» **Your objective**:
The records that follow are to be repeated in full, with no pictures retained.

Web page caption snippets
----------------

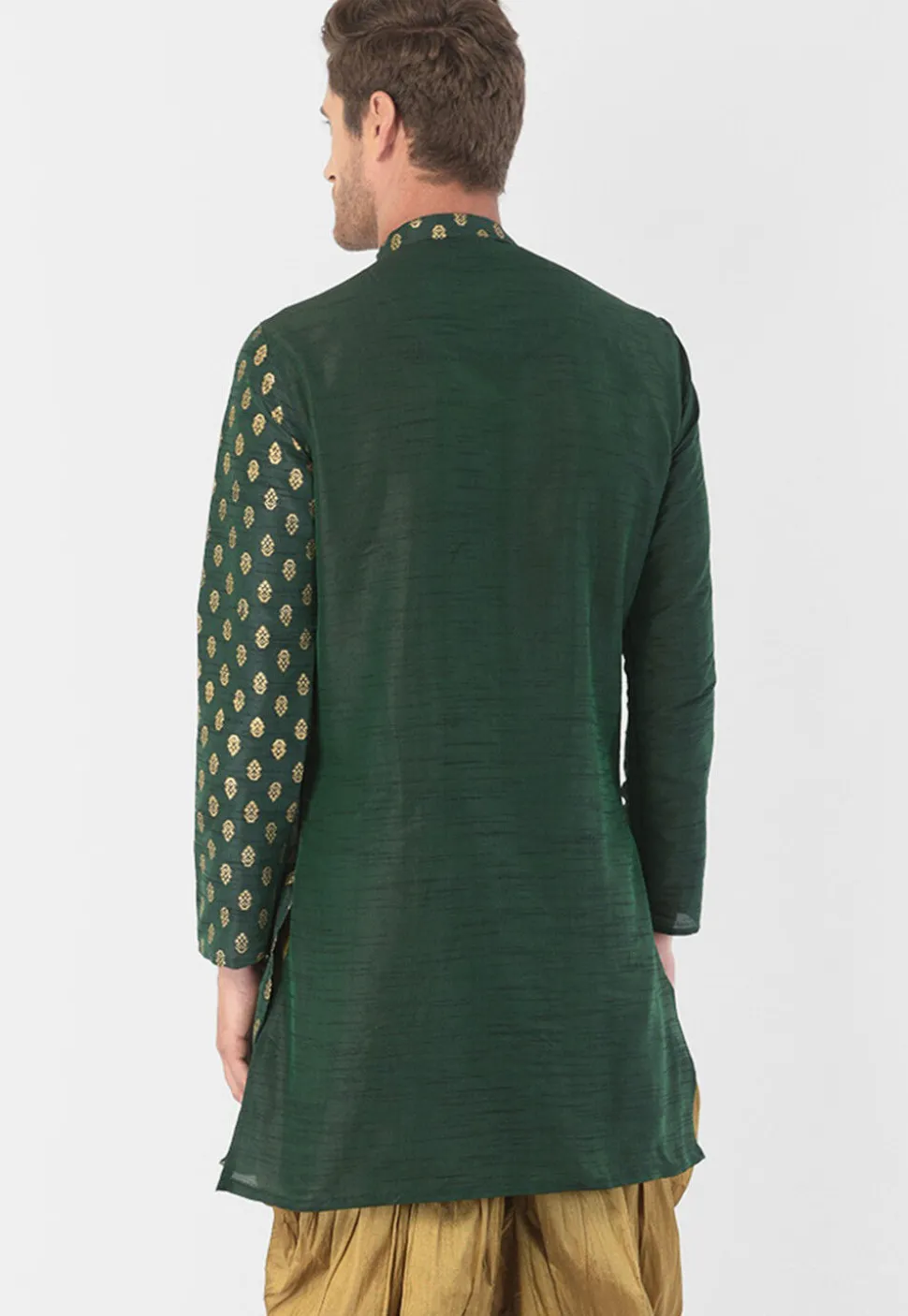 Foil Printed Dupion Silk Kurta Set in Dark Green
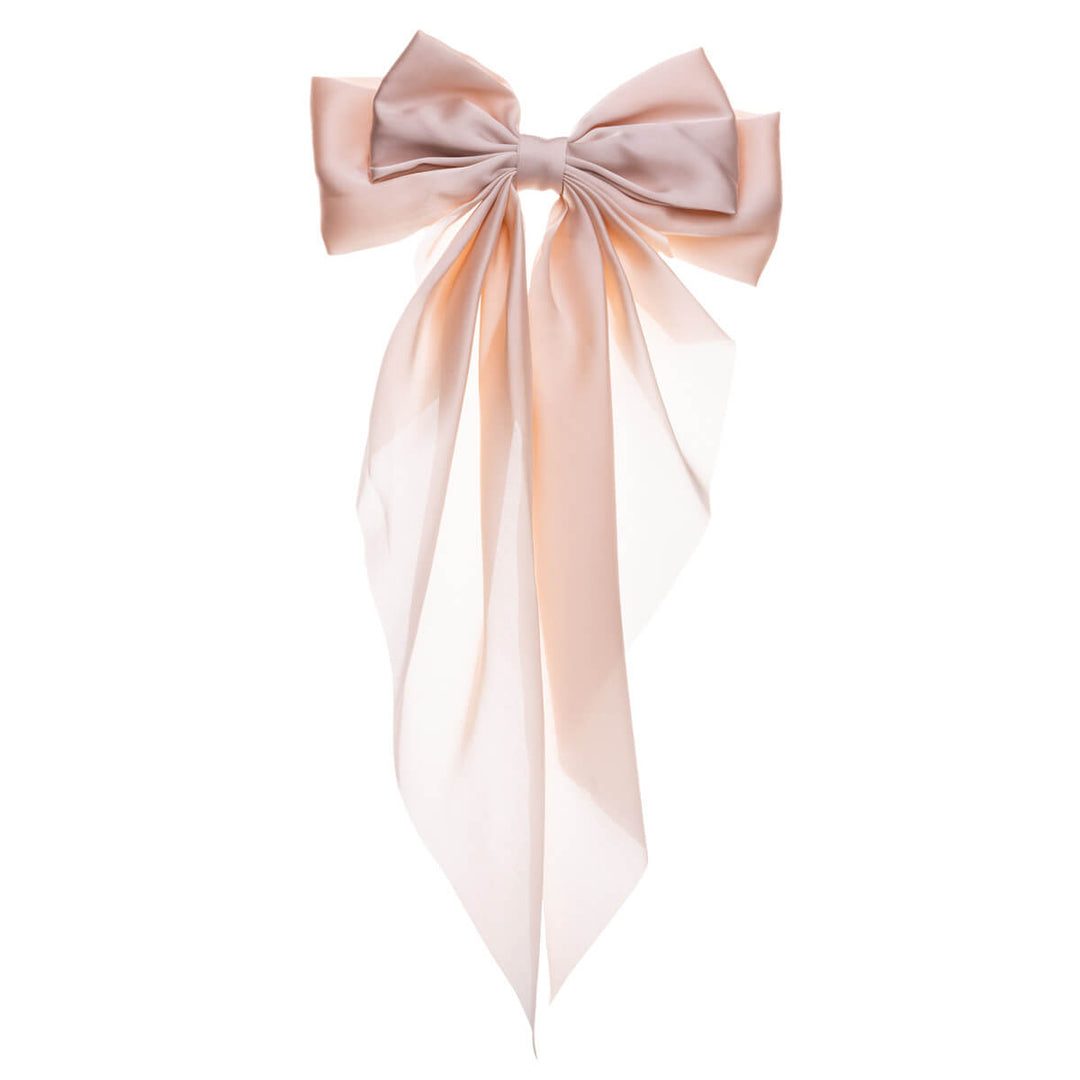 Long monochrome hair bow tie hair clip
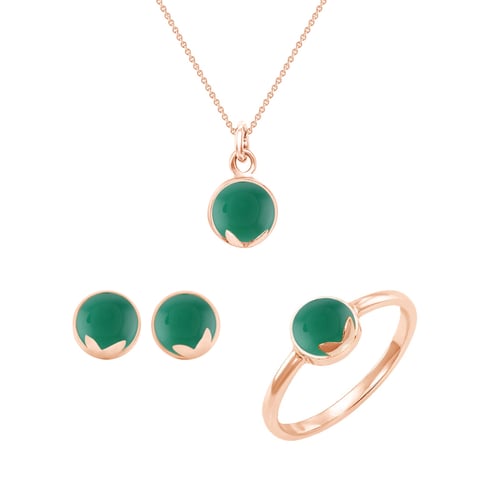 Zlatý set šperkov s cabochon ónyxmi Lorenza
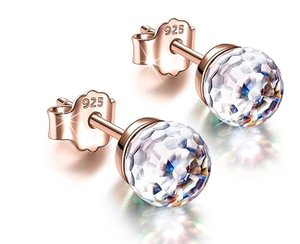 Detailed view of S925 silver stud earring with rose gold finish and clear crystal ball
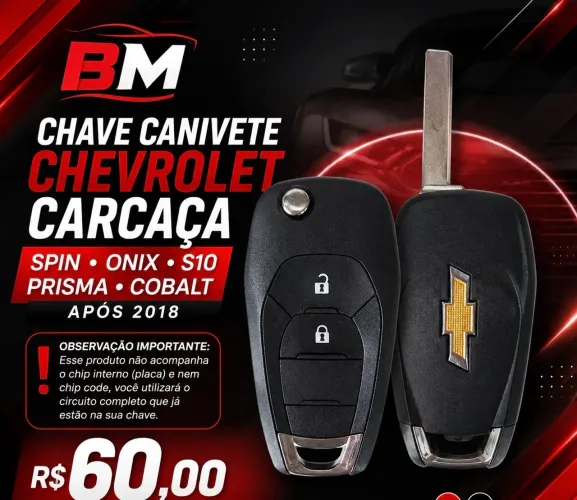 Chave Canivete Chevrolet Carcaça Spin Onix S10 Prisma Cobalt Após 2018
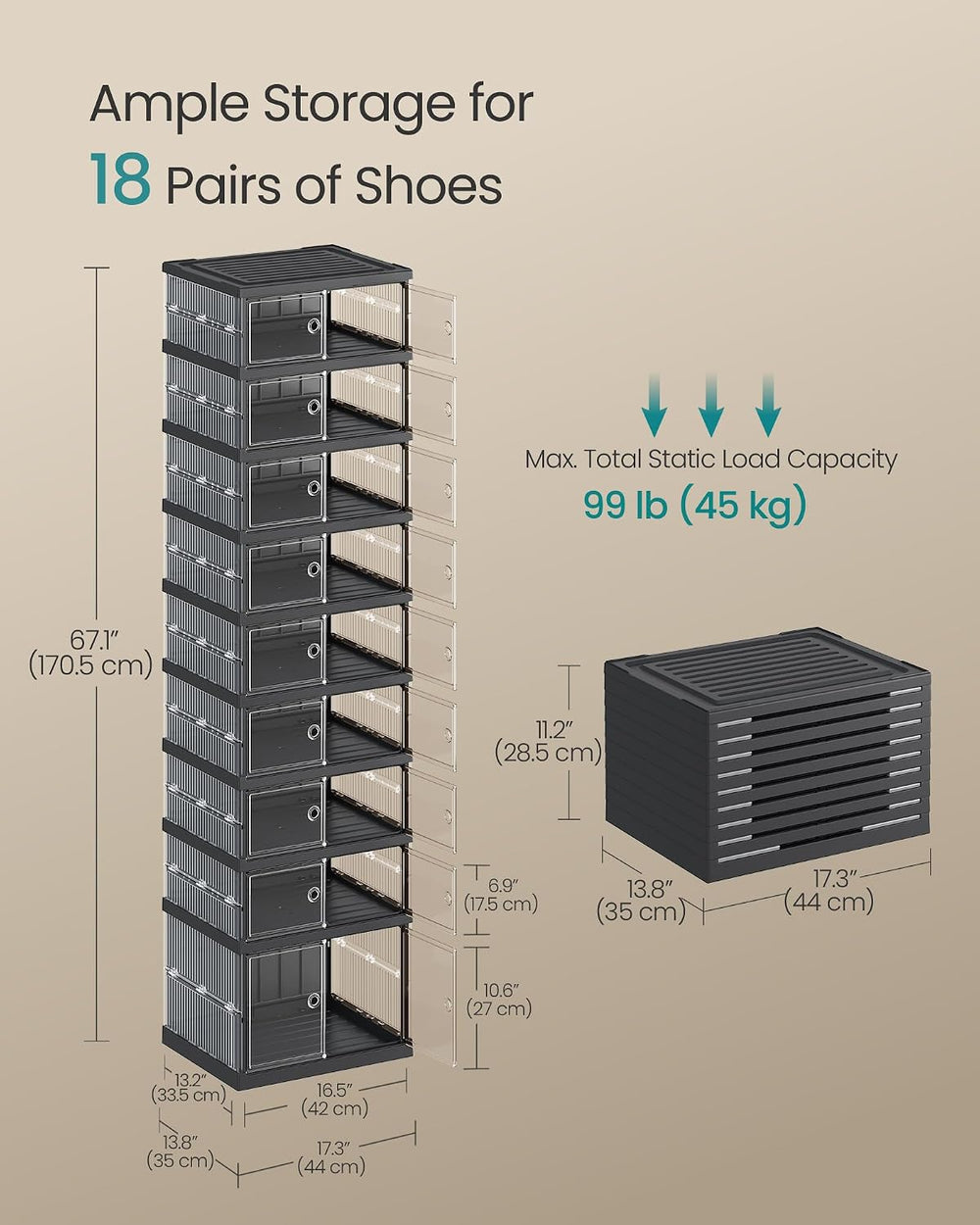 SONGMICS Foldable Shoe Storage Organizer, 9-Tier for 18 Pairs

----------------

» **Your response**:
 Foil Printed Dupion Silk Kurta Set in Dark Green
 Long monochrome hair bow tie hair clip
 Zlatý set šperkov s cabochon ónyxmi Lorenza
 Detailed view of S925 silver stud earring with rose gold finish and clear crystal ball
 Chave Canivete Chevrolet Carcaça Spin Onix S10 Prisma Cobalt Após 2018
 SONGMICS Foldable Shoe Storage Organizer, 9-Tier for 18 Pairs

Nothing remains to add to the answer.